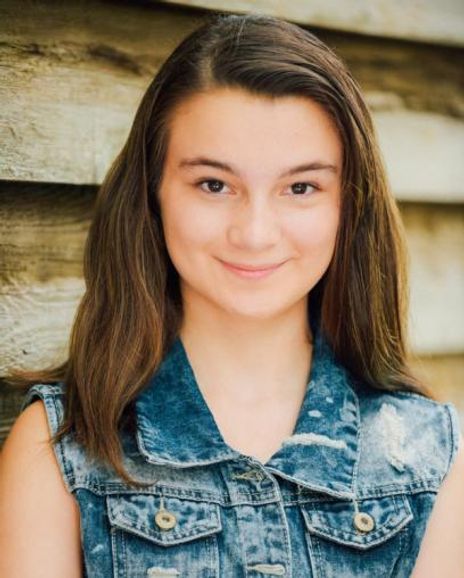 Olivia Yagy Headshot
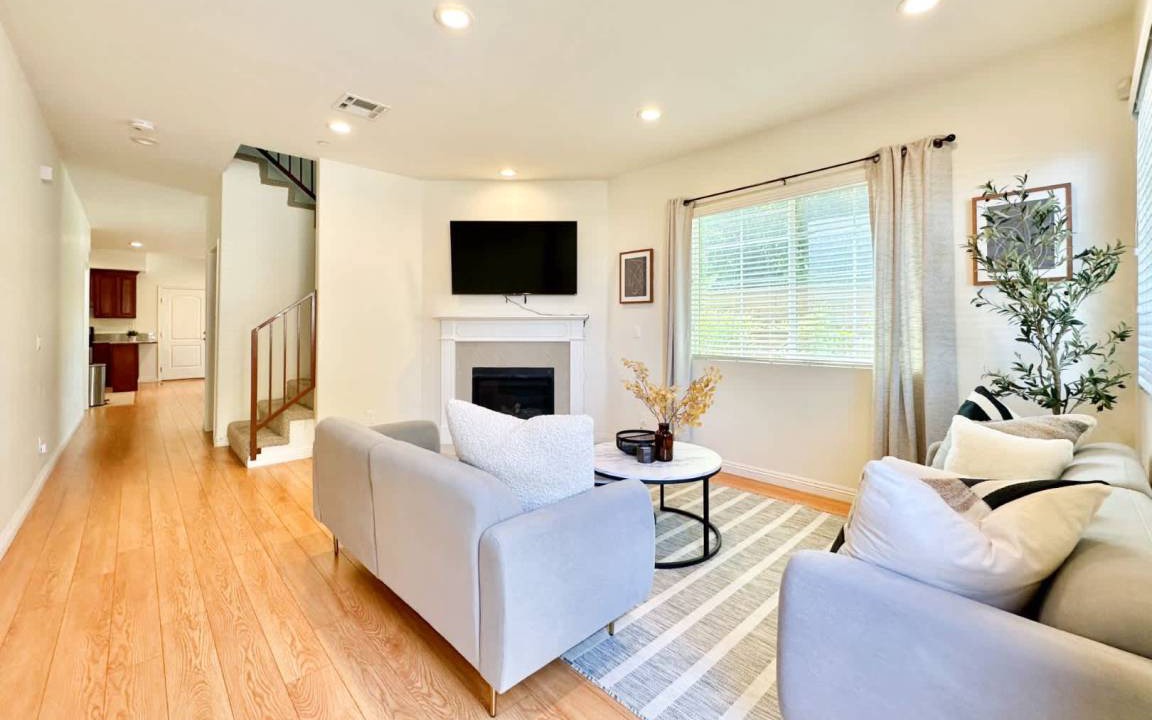 Photo of Livingroom in Ontario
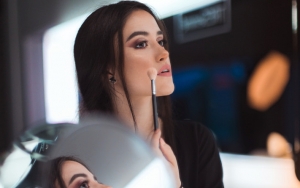 Pakai Blush yang Berwarna Agak cokelat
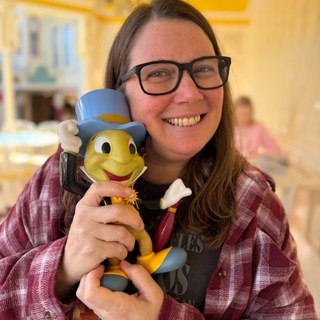 Tracie N., @supercalitravels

● **PROBLEM STATEMENT**
Would you transcribe all of the data exactly, omitting any pictures?

● **ANSWER SPACE**
 Olivia Yagy Headshot
 Photo of Livingroom in Ontario
 Pakai Blush yang Berwarna Agak cokelat
 Tracie N., @supercalitravels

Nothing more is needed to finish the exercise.